Una ragazza di buona famiglia, Grady McNeil, poco più che adolescente, e una lunga vacanza in Europa dei genitori che la lasciano sola a New York per una intera estate.
Un giovane uomo ebreo, Clyde Manzer, che lavora come posteggiatore ed è reduce dalla guerra. La sua famiglia, né ricca né raffinata contrariamente a quella di Glady, ha anche vissuto l’esperienza di una tragedia quando una delle sorelle, Anne, già piena di problemi fisici e mentali, è morta cadendo dalle scale.
Questi i protagonisti del romanzo di Truman Capote, Incontro d’estate, rimasto inedito fino al 2004 quando è riemerso dalle carte abbandonate dello scrittore di cui forse, come ci viene detto nella nota conclusiva, non avrebbe mai permesso la pubblicazione.


Grady e Clyde avevano già una relazione prima della partenza dei coniugi McNeil, ma è la totale libertà di quei mesi estivi che trasforma quella che, almeno per Clyde, poteva essere una avventura insignificante, in un rapporto intenso e profondo.
Il ragazzo, all'inizio, non aveva intenzione di dare troppo peso a quell’affetto inaspettato, su cui si era gettato quasi per cercare distrazione dal recente lutto per la sorella a cui, forse unico della famiglia, aveva voluto molto bene. Ben presto però Clyde rimane come “paralizzato dalla profondità dei sentimenti di lei e dalla superficialità dei propri”: si trova in una situazione ambigua, incerto su come concepire la relazione e soprattutto su come giudicare quella ragazza tanto ricca e nota in città e dall'apparenza così frivola.
Lei invece è sicura dell’amore del ragazzo e non si rende conto delle sue difficoltà a instaurare un rapporto autentico e profondo: troppe le differenze, di classe, di maturità, di vita trascorsa. Ma le cose cambiano presto: i due intendono rendere più forte e solido il legame, si sposano (per quel che può valere dato che la ragazza è minorenne) ed è Grady a dover dare prova di non tenere in considerazione i suoi privilegi, è lei a dover rinunciare (almeno nella mente di Clyde) alla bella casa, agli agi. Ma tutto si fa più difficile quando Grady scopre di essere incinta e cerca il modo, sapendo di medici compiacenti, per abortire.
Quando non si fa trovare, quando è costretta a rendere pubblica la sua storia sentimentale, quando si lascia troppo andare, allora Capote, in un crescendo di infelicità e incoscienza, le fa chiudere il romanzo con una pazzia.
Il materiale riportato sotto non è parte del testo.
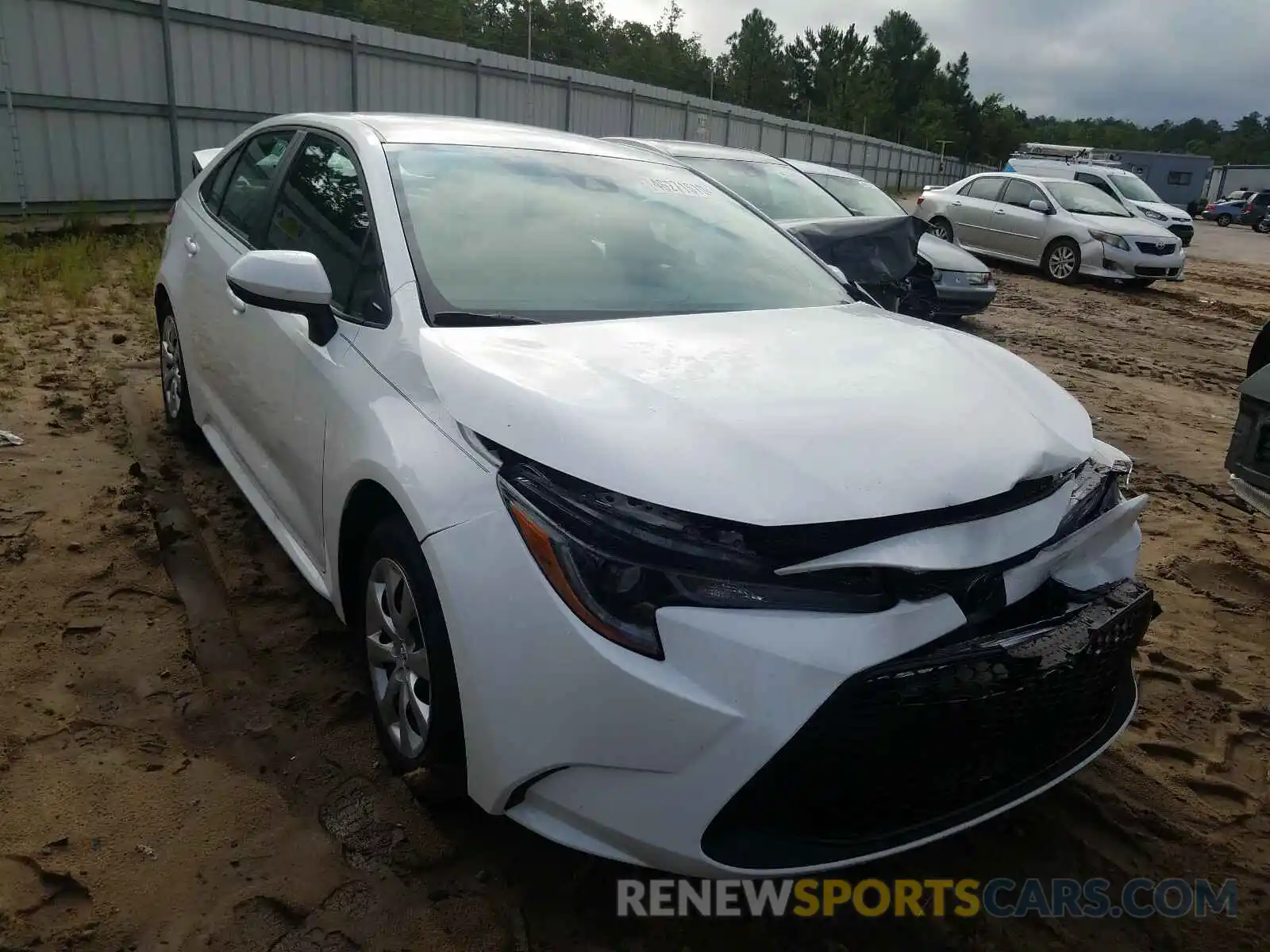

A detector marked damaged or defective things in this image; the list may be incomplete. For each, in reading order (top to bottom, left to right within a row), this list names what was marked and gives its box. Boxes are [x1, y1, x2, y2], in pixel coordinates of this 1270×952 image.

cracked headlight [1086, 230, 1124, 252]
cracked headlight [495, 460, 895, 654] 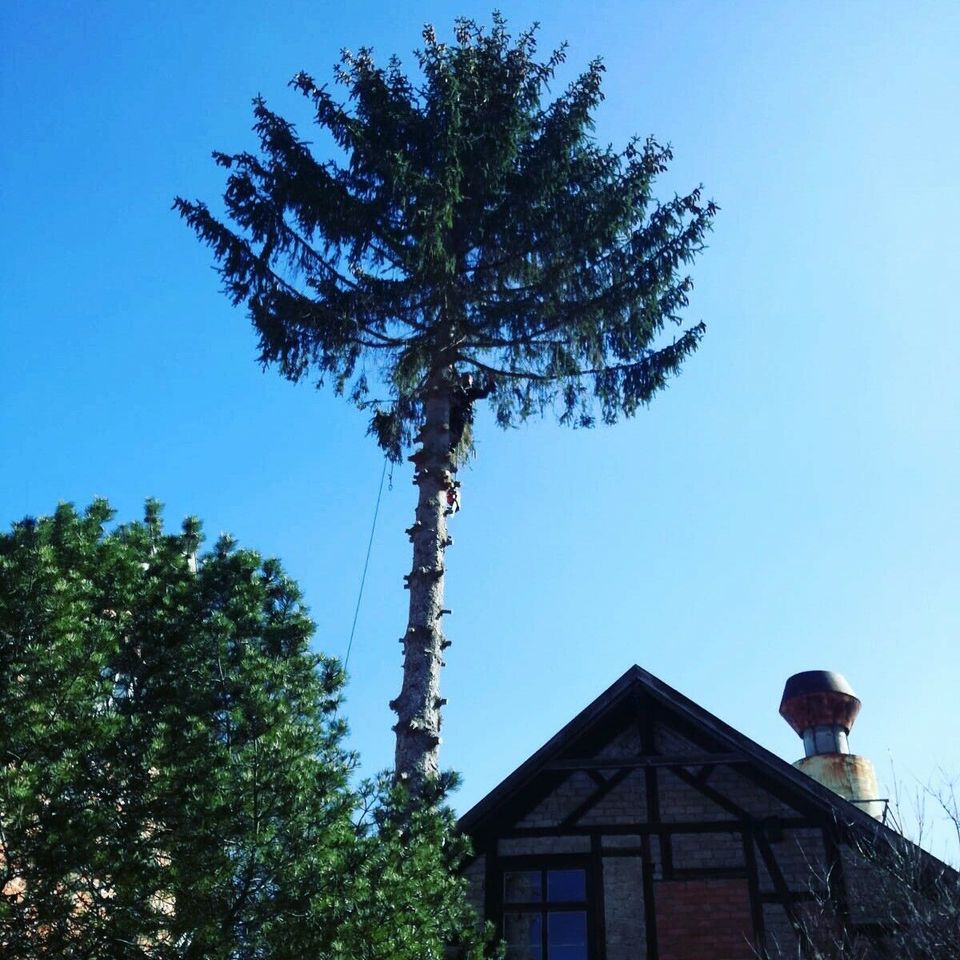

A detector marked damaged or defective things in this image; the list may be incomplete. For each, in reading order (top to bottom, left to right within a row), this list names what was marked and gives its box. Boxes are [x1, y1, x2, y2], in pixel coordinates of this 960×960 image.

Il caldo soffocante rende tutto più faticoso, pensare, decidere, vivere sembrano imprese troppo impegnative per una ragazzina viziata.
Incontro d’estate precede e annuncia Colazione da Tiffany: c’è la straordinaria leggerezza narrativa del Capote “prima maniera” che ha comunque, fin da quelle lontane esperienze letterarie, compiuto la scelta di presentare i personaggi con il distacco mondano di un osservatore esterno: una lettura molto interessante per conoscere meglio l’evoluzione dello scrittore che condurrà al capolavoro, A sangue freddo e alla sua innovazione narrativa. 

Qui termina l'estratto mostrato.